Nasib Beda Miguel Almiron: Kartu Merah Langsung untuk Gestur Serupa
Kondisi berbeda dialami bintang Paraguay Miguel Almiron. Gelandang Newcastle United itu langsung dikartu merah karena tutup mulut saat konfrontasi dengan bek Turki, Mert Muldur. Paraguay yang menang 1-0 harus kehilangan Almiron untuk laga berikutnya melawan Australia.
Perbedaan perlakuan ini memicu perdebatan di kalangan penggemar sepak bola.
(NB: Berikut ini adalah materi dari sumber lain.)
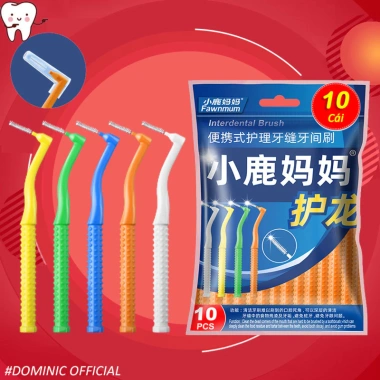 Bàn Chải Kẽ Răng Niềng 10 - Tăm Kẽ Chữ L, Size Đủ, Nắp Đậy, Vệ Sinh Sạch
Apakah faktor intensitas konfrontasi atau posisi pemain yang memengaruhi keputusan wasit?
Akar Peraturan: Kasus Rasis Gianluca Prestianni di Liga Champions
Aturan FIFA ini diberlakukan setelah insiden yang melibatkan winger Benfica, Gianluca Prestianni. Pemain asal Argentina itu dituduh menggunakan kata-kata homofobia saat melawan Real Madrid di Liga Champions, Maret lalu. Prestianni yang dituduh membuat pernyataan rasis terhadap Vinicius Junior dihukum larangan bermain enam pertandingan dari UEFA.
Dalam laga Inggris vs Ghana yang berakhir imbang 0-0, Bellingham justru terpilih sebagai Pemain Terbaik. The Three Lions baru memiliki banyak peluang di babak kedua namun gagal mencetak gol. Pertandingan di Stadion Gillette itu menjadi bukti bahwa aturan FIFA masih menyisakan ruang interpretasi bagi wasit di lapangan.